The Bill will allow law enforcement agencies to request the preservation of communications that could be sought under warrant as evidence, including SMS messages and emails.
It also allows for increased international cooperation between Australian and overseas cybercrime investigators, and extends the scope of existing Commonwealth computer offences, while bringing Australia into line with the Council of Europe Convention on Cybercrime.
Federal Attorney-General Robert McClelland said today that cybercrime was an offence that could be committed from anywhere.
"It can be perpetrated by a computer system in a city in the northern regions of Siberia ... as easily as it can be perpetrated by a computer in the next-door neighbour to any citizen," he told parliament.
"Its tentacles extend to the daily lives of all citizens."
Opposition justice spokesman Michael Keenan said that the Coalition broadly supported the Bill.
He said that while Australians had been quick to adopt the internet for business, shopping and leisure, this had created new opportunities for criminal activities. The opposition said it agreed with the government that cybercrime presented a challenge for law enforcement authorities and the criminal justice system.

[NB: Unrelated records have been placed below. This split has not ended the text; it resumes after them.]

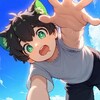YokuoSaki's avatar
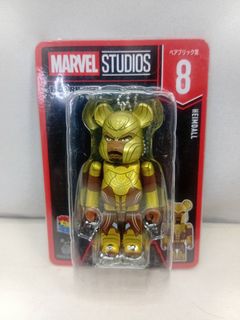 (Category: ) located in . Submitted by ToyzzKoleksyon (Listing ID 1441239963, Image 1). Description: .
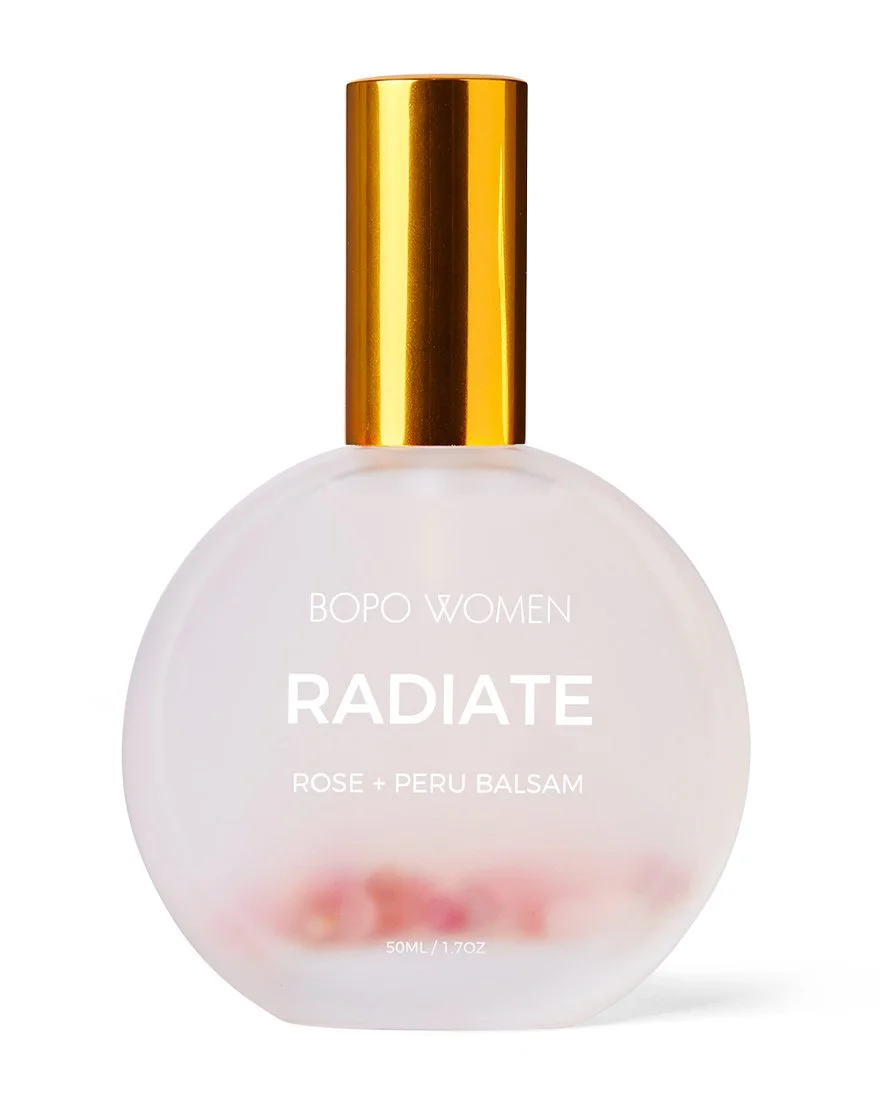 radiate bottle photo.jpg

The Greens, however, have questioned those parties passing the Bill without including any of its amendments, which the party said addressed "serious flaws".

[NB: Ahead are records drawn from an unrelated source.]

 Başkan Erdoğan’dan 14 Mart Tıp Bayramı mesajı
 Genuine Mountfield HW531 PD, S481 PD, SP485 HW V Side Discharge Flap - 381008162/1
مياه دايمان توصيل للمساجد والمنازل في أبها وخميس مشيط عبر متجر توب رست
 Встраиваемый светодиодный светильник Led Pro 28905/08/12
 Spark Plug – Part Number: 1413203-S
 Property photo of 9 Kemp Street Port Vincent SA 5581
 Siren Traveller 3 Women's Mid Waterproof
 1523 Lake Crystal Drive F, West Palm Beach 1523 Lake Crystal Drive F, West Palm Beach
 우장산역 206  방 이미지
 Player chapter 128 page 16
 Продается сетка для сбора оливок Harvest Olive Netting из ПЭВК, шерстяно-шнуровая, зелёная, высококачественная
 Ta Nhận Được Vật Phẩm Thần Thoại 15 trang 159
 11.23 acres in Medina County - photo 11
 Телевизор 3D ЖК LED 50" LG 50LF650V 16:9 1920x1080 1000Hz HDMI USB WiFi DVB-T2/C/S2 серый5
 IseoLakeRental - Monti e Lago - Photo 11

Greens communications spokesperson Senator Scott Ludlam pointed to a report published by the Joint Select Committee on Cyber Safety, which had proposed a number of amendments and asked for clarification on certain points of the law. He was worried that Labor and the coalition had not addressed the issues in the House of Representatives.
"The attorney-general said today he was considering the report before the debate in the Senate. The Australian Greens look forward to working with both parties to fix this fundamentally flawed bill in the Senate, but we are greatly troubled by the fact that both the Labor Party and Coalition gave no indication in the House that they believed any of the flaws needed fixing. On the contrary, they had nothing but praise for the Bill."
Ludlam said that the Bill went way beyond what was required to accede to the European Convention on Cybercrime. He has previously expressed fears that powers under the Bill could see scope creep and end up with full data retention, where details on communications between every Australian citizen would be held by telcos for a certain amount of time.
"The European Treaty doesn't require ongoing collection and retention of communications, but this Bill does. Under the Convention, police are not required to pass on data if it relates to a political offence or if passing on the data is inconsistent with human rights standards, but this Bill contains no such exemption. These are disturbing flaws that must be fixed, but the Government and Opposition have passed this Bill through the House with no acknowledgment of that."
McClelland said that internet carriers would only be asked to store specific data, not every phone call or email that passed through their system.
McClelland also said that concerns expressed by the Joint Select Committee on Cyber Safety, regarding the privacy of the stored data, were unfounded.
"Significant protections exist to ensure the privacy and integrity of any information while it is preserved," he said.
The Cybercrime Legislation Amendment Bill 2011 will now be considered in the Senate.